Spirit flagged the regulatory concerns when it was resisting JetBlue’s overture in favor of a $2.7 billion deal to sell itself to Frontier group Holdings Inc. The Frontier deal collapsed after Spirit shareholders balked at supporting it in a vote on Thursday, pushing Spirit into the arms of JetBlue.
The combination will create the fifth-largest U.S. airline at a time when high energy prices, a tight labor market and swelling demand for travel following the COVID-19 pandemic have sent airfares soaring. U.S. President Joe Biden has also lamented the lack of competition in the airline sector.
This has spurred regulators to look for anticompetitive behaviors.
The U.S. Justice Department filed a lawsuit last year asking a judge to break up JetBlue’s “Northeast Alliance” partnership with American Airlines (NASDAQ:AAL), arguing it would lead to higher fares for consumers. A trial is scheduled for September.
Six antitrust experts interviewed by Reuters said there was a good chance the Justice Department would sue to stop the planned transaction.
“It’s a tough climate for deals. … it’s a strong possibility” that the government will sue to stop the merger, said Seth Bloom, a veteran of the Justice Department who now runs his own advisory firm Bloom Strategic Counsel.
He said it was also possible a court would uphold the deal.
Spirit had cited the Justice Department lawsuit seeking to break up its Northeast Alliance as a reason to fear regulators would could block its sale to JetBlue when it was trying to persuade Spirit shareholders to back the deal with Frontier instead.

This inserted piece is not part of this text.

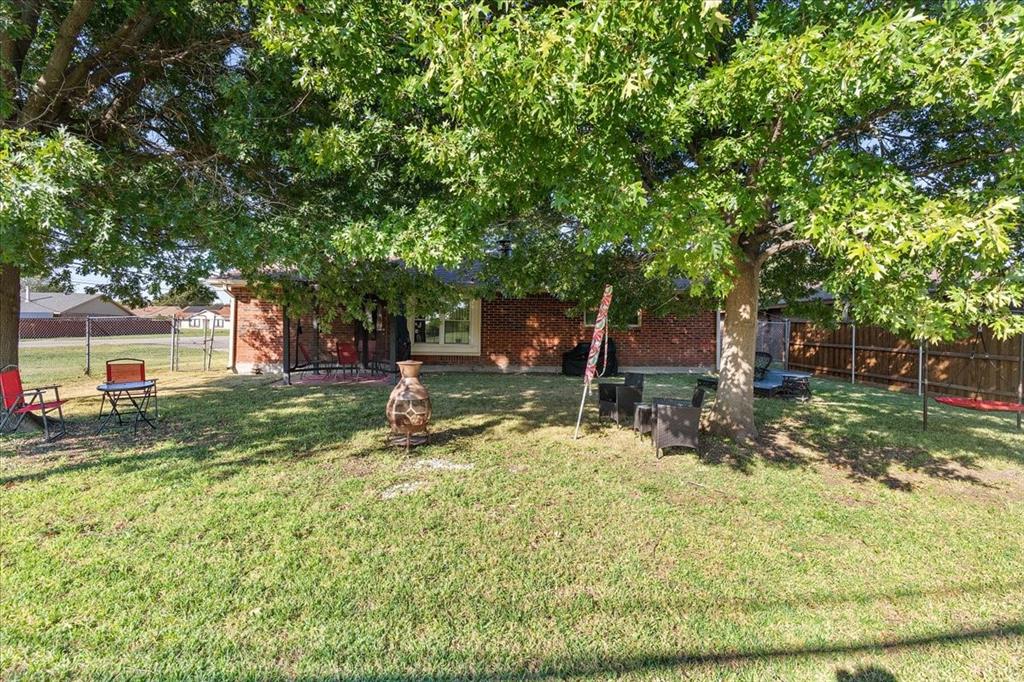 Rear exterior featuring red brick masonry, mature shade trees, a covered patio area, and perimeter wood fencing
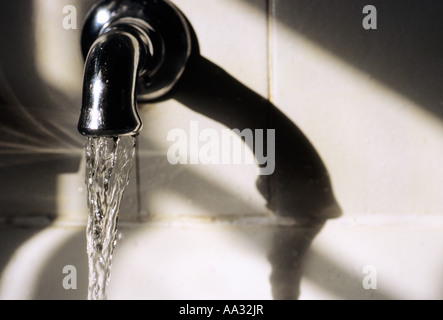 Bathroom faucet running water in a bathtub. Old plumbing fixture in a house. Stock Photo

Nevertheless, many Spirit shareholders wanted the company to pursue the deal with JetBlue despite the regulatory risks, because they found the financial terms of JetBlue’s offer more attractive.

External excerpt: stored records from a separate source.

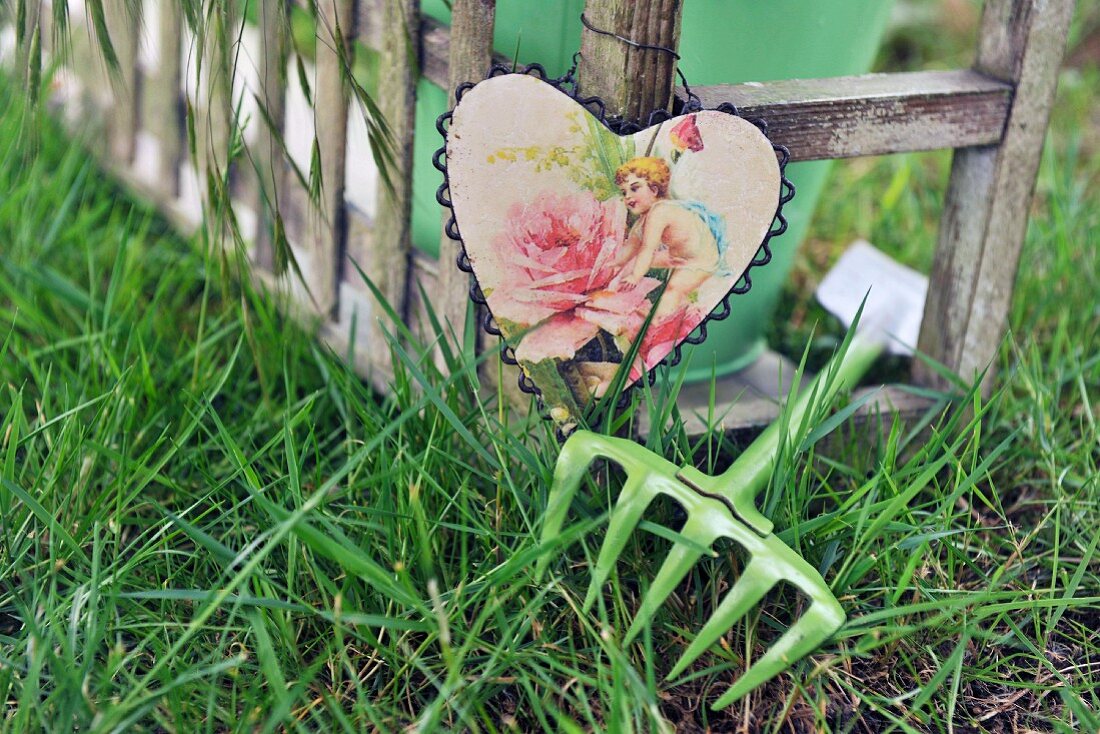 Heart-shaped picture hanging from frame of bench and gardening tool on lawn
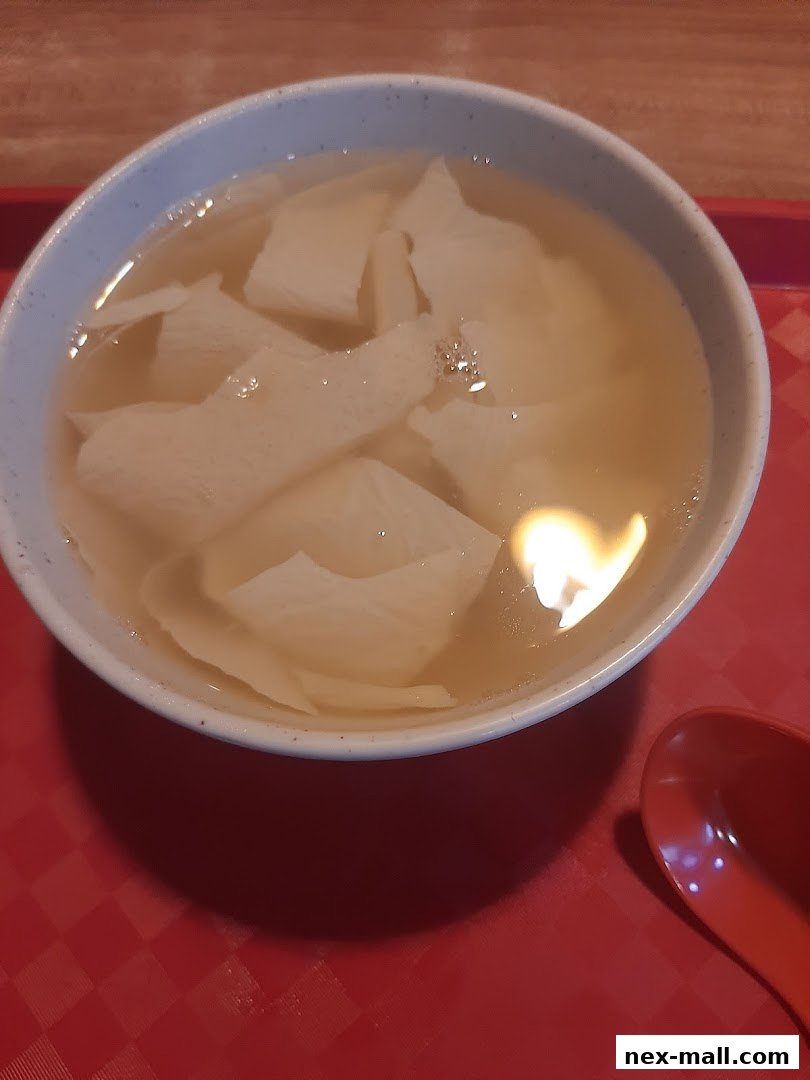 A close-up shot of a bowl of dessert with white pieces in a light-colored broth.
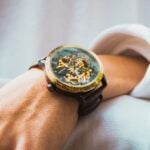 A close-up of a wrist wearing a mechanical watch with visible gears, a gold bezel, and a brown leather strap, showcasing the timeless style that defines luxury watches and their generational appeal.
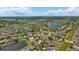Wide aerial view of the community, showing neighborhood layout with ponds and lush tree coverage at 2637 Yukon Cliff Dr, Ruskin, FL 33570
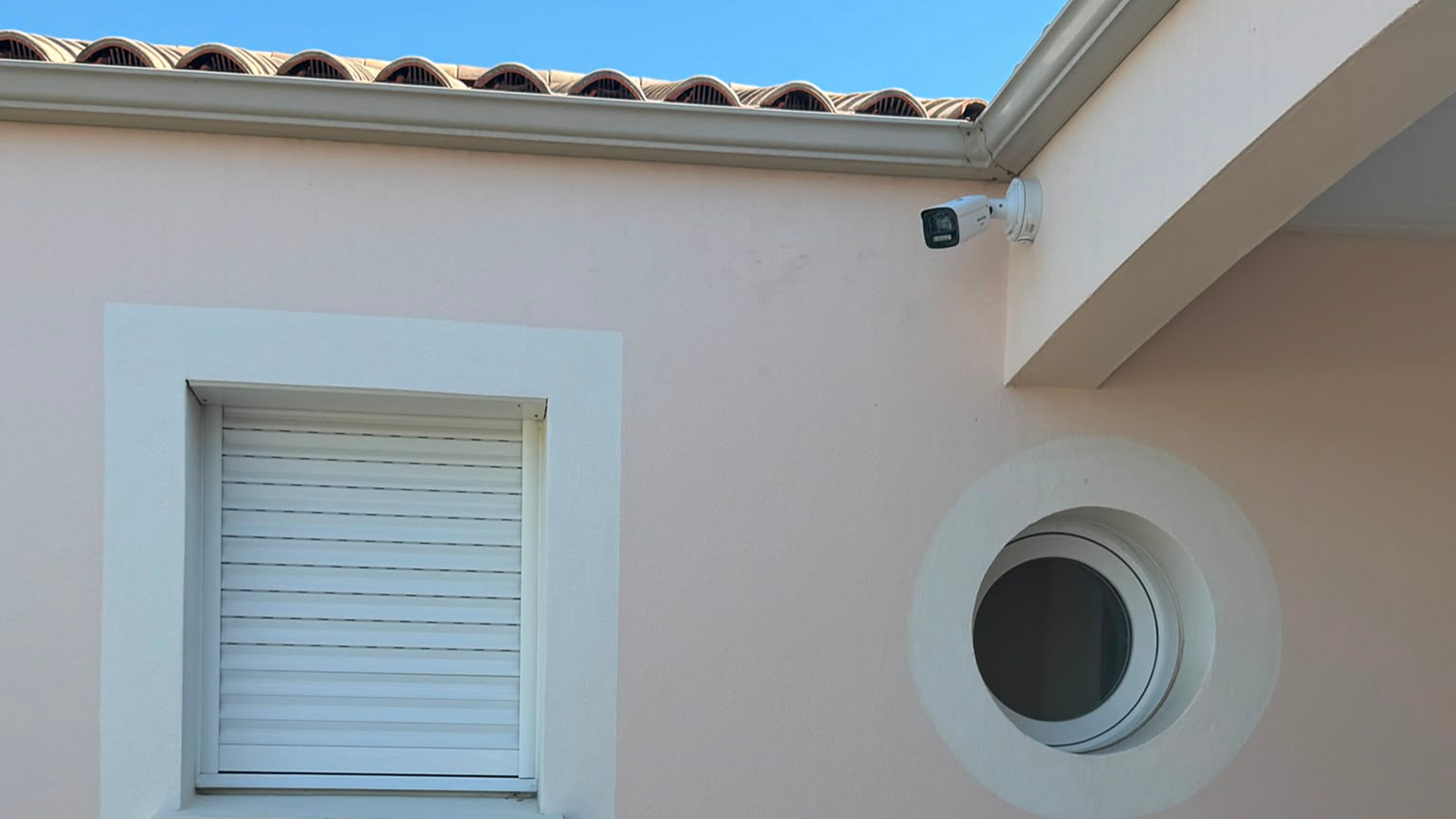 Installation de vidéosurveillance SERELYS SÉCURITÉ en Vendée : caméra de surveillance fixée à l'angle d'une façade blanche avec store et bouche d'aération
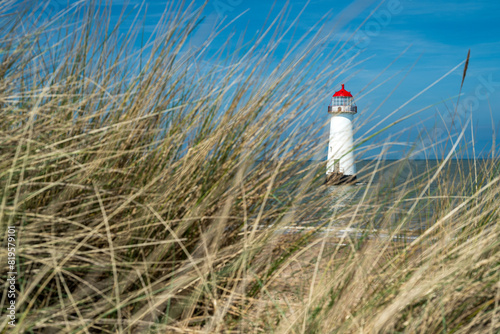 The sand dunes  and the grade II listed building Point of Ayr Lighthouse at Talacre beach in Wales on a sunny summer day.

Spirit had also previously said that a deal with JetBlue would eliminate seats and raise fares in some markets – two factors that “make it a very difficult transaction to get done.”
JetBlue has acknowledged that the regulatory process could be drawn out, stating on Friday it did not expect the deal to be completed before December 2023. But its CEO Robin Hayes told Reuters on Thursday he believed the deal will withstand regulatory scrutiny, arguing it will prod legacy carriers to reduce air fares.
CONCERN ABOUT RISING FARES
The four largest carriers control more than 80% of the market, and JetBlue says that it will be able to better undercut their fares if it has more scale. Critics argue that Spirit will cease to be a low-cost airline under JetBlue and that the Spirit passengers are bound to experience a rise in fares as a result, even if their prices remain below those of the top four carriers.
“JetBlue’s efforts to acquire Spirit … are likely to exacerbate the appalling service, regional inequality, and diminishing trust in flying that now characterize the industry,” said William McGee, an aviation expert at the American Economic Liberties Project.
If the deal is blocked by regulators, JetBlue will owe Spirit a so-called breakup fee of $470 million. JetBlue has offered to divest some routes to increase the chances that regulators greenlight the combination with Spirit.